The task: Your output should be the lines below from the one with "Unveiling the Secret" through the one with "A team of researchers", copied exactly, pictures excluded.
══ Source data
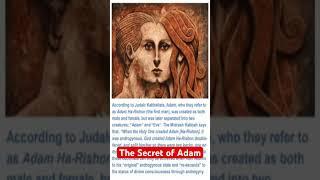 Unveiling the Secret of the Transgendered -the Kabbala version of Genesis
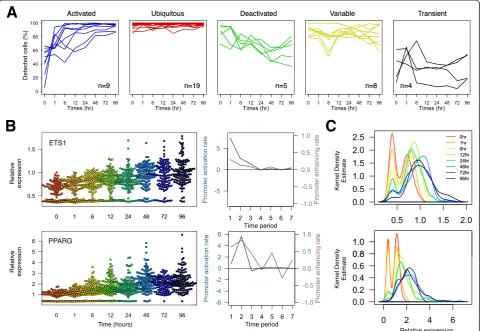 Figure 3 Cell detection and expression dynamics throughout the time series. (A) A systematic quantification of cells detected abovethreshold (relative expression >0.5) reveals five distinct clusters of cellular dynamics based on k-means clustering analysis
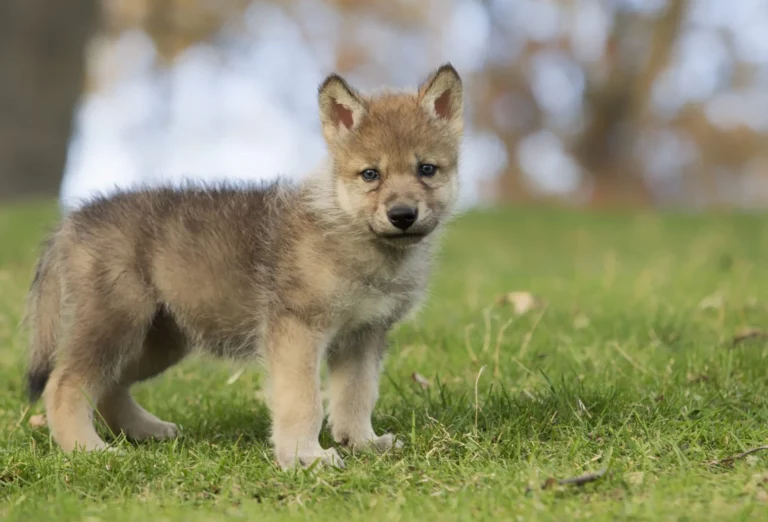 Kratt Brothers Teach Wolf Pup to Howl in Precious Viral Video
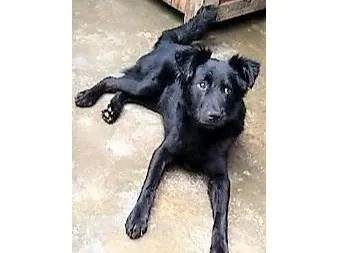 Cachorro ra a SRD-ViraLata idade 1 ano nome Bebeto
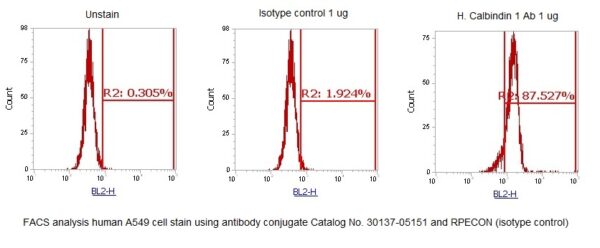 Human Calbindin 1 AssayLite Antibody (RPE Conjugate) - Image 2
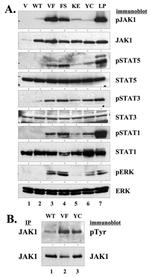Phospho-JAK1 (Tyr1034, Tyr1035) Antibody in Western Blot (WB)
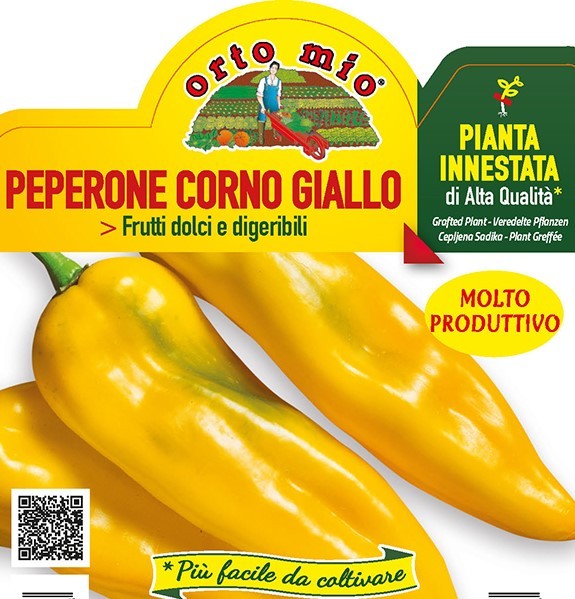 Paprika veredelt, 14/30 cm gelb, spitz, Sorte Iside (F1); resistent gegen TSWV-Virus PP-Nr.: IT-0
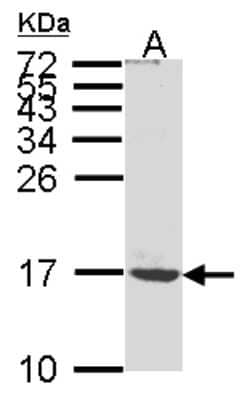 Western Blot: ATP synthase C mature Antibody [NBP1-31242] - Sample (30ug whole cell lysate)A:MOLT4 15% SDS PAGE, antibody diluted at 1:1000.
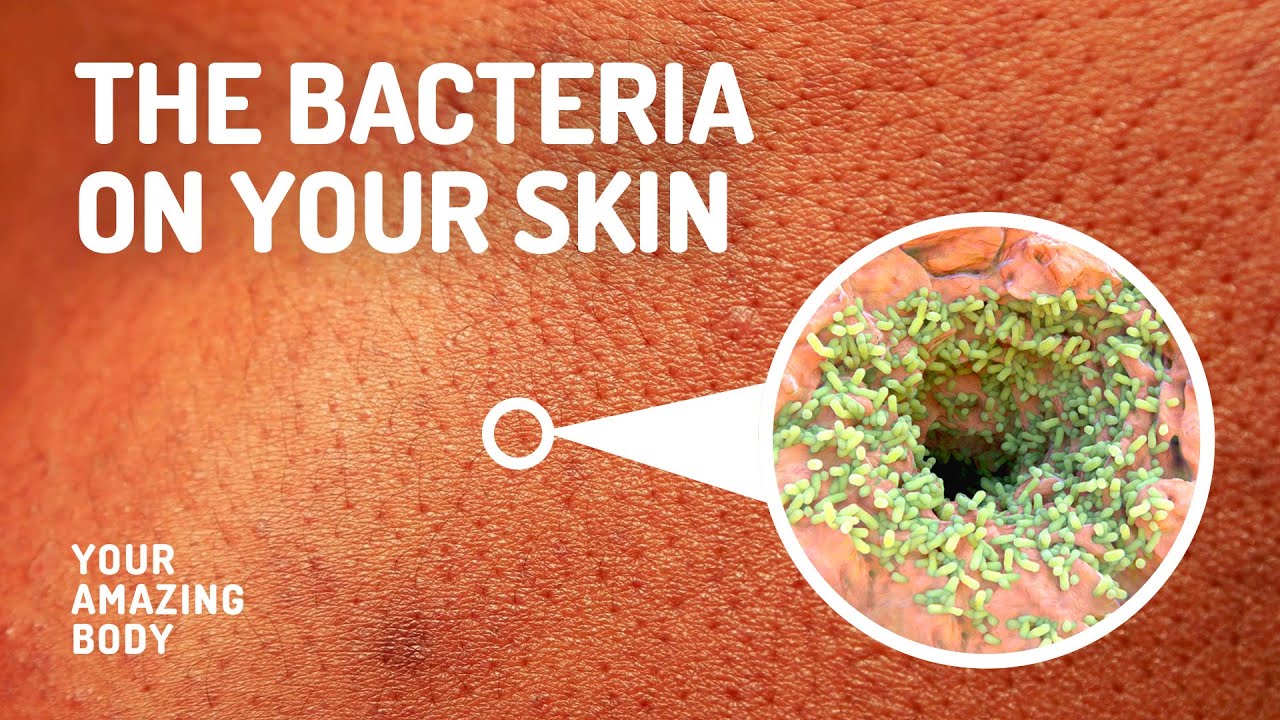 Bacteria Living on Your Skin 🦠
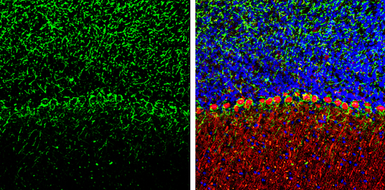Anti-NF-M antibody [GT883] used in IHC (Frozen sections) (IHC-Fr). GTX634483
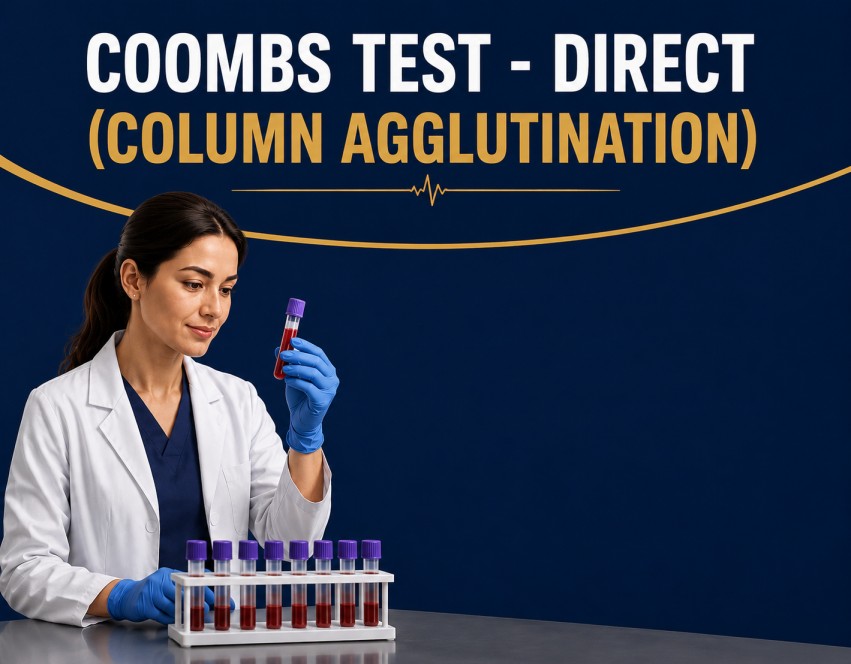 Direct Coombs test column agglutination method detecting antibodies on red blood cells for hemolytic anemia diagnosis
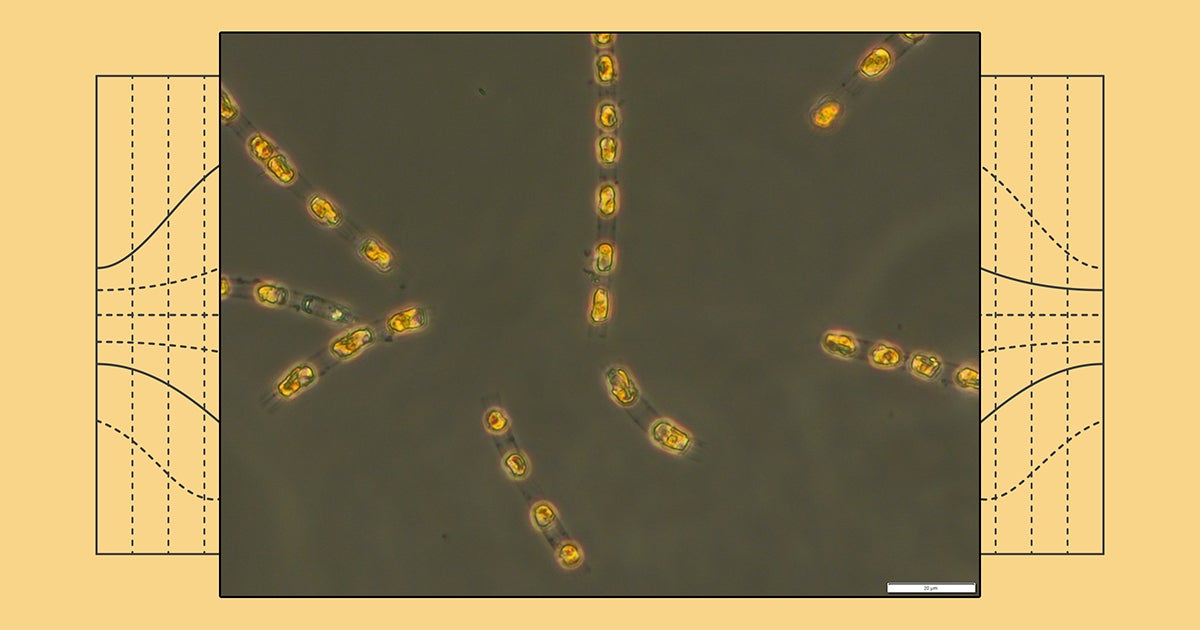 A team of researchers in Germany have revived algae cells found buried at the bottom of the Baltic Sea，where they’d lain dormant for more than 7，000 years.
════
══ Source data
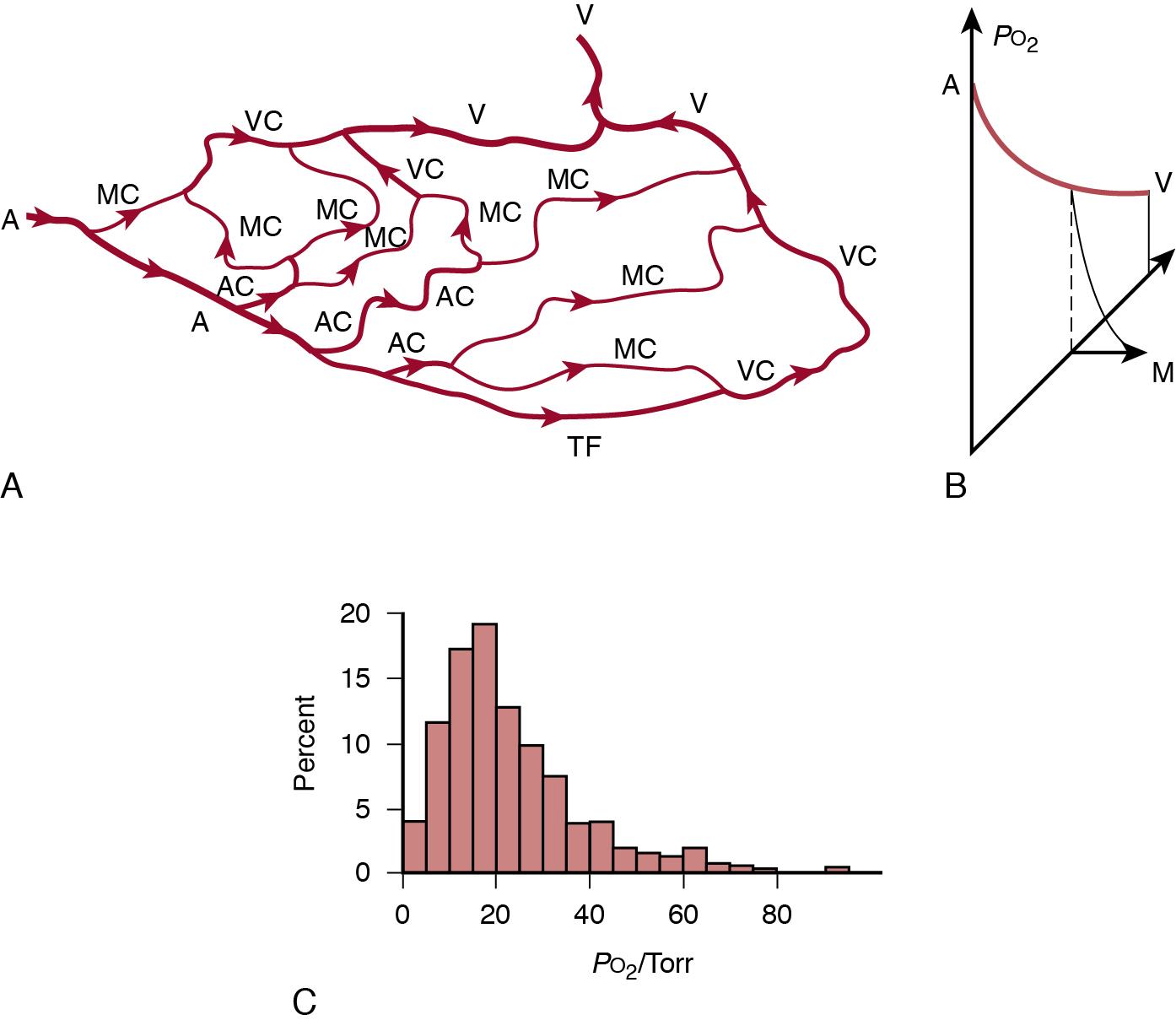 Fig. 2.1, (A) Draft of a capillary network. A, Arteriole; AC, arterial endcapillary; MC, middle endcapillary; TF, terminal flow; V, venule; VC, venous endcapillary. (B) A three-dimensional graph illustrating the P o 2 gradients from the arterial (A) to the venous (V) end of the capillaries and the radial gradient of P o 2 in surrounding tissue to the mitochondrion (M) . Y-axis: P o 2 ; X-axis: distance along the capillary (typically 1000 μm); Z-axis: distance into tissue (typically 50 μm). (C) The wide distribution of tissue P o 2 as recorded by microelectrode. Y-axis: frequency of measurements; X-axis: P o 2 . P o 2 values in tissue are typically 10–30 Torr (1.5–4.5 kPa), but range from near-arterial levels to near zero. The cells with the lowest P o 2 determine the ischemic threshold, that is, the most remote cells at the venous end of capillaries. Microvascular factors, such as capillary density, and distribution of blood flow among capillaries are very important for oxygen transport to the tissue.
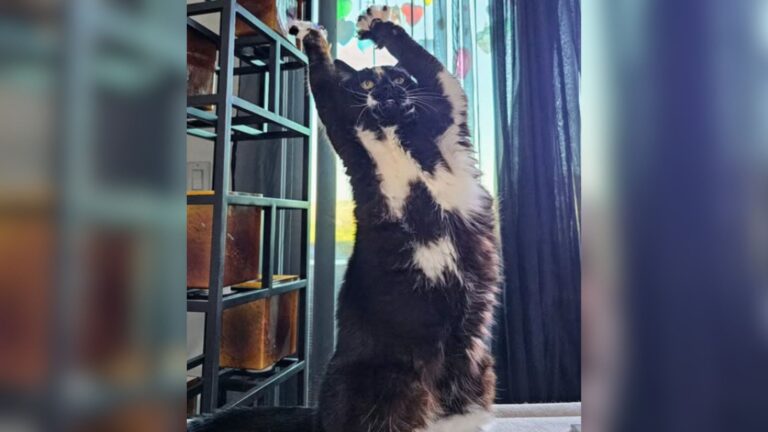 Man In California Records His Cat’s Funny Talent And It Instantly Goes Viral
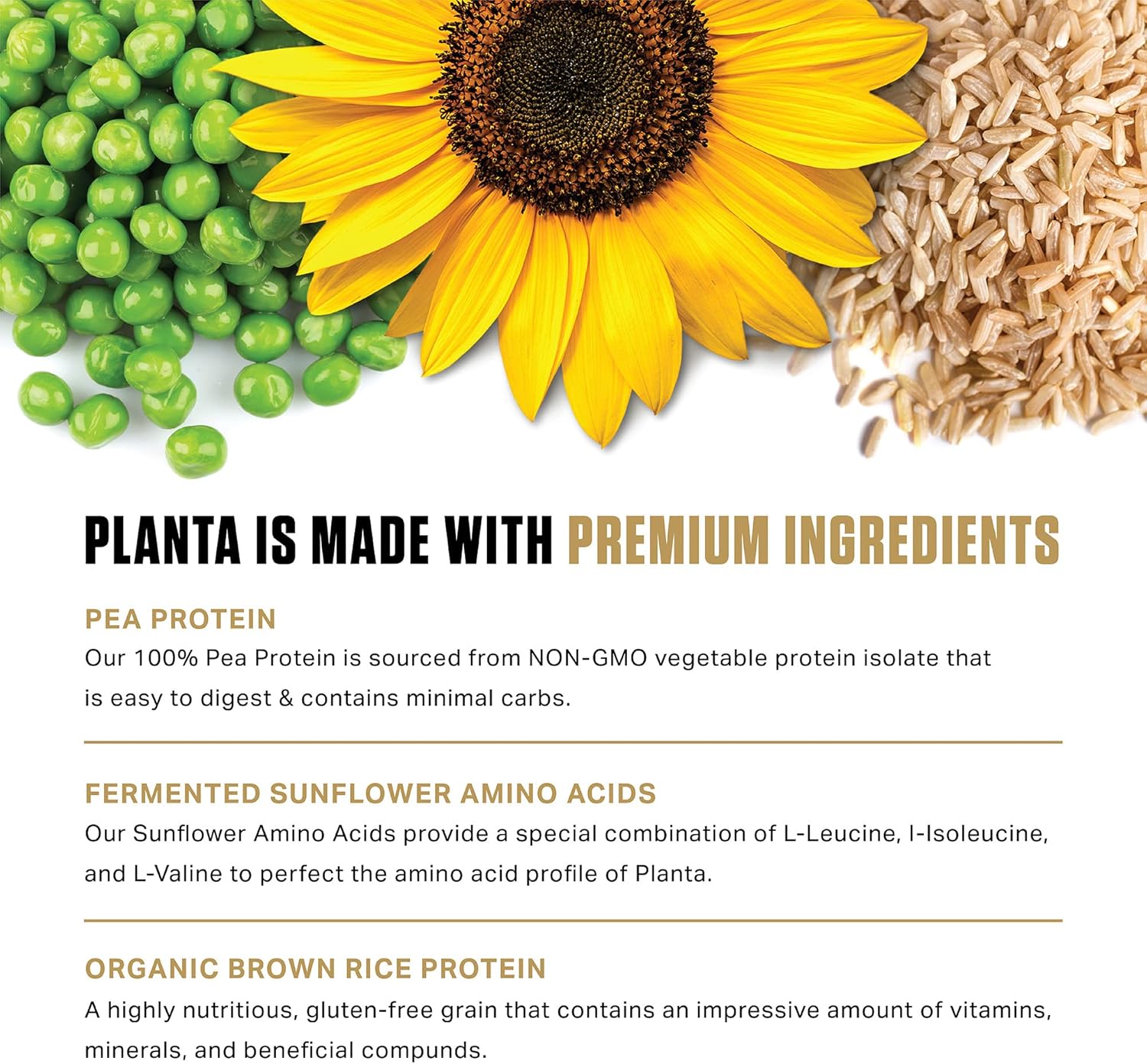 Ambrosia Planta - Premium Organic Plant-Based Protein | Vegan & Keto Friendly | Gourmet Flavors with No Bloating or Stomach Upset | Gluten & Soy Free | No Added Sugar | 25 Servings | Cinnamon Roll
════
Exercise result:
 Unveiling the Secret of the Transgendered -the Kabbala version of Genesis
 Figure 3 Cell detection and expression dynamics throughout the time series. (A) A systematic quantification of cells detected abovethreshold (relative expression >0.5) reveals five distinct clusters of cellular dynamics based on k-means clustering analysis
 Kratt Brothers Teach Wolf Pup to Howl in Precious Viral Video
 Cachorro ra a SRD-ViraLata idade 1 ano nome Bebeto
 Human Calbindin 1 AssayLite Antibody (RPE Conjugate) - Image 2
Phospho-JAK1 (Tyr1034, Tyr1035) Antibody in Western Blot (WB)
 Paprika veredelt, 14/30 cm gelb, spitz, Sorte Iside (F1); resistent gegen TSWV-Virus PP-Nr.: IT-0
 Western Blot: ATP synthase C mature Antibody [NBP1-31242] - Sample (30ug whole cell lysate)A:MOLT4 15% SDS PAGE, antibody diluted at 1:1000.
 Bacteria Living on Your Skin 🦠
Anti-NF-M antibody [GT883] used in IHC (Frozen sections) (IHC-Fr). GTX634483
 Direct Coombs test column agglutination method detecting antibodies on red blood cells for hemolytic anemia diagnosis
 A team of researchers in Germany have revived algae cells found buried at the bottom of the Baltic Sea，where they’d lain dormant for more than 7，000 years.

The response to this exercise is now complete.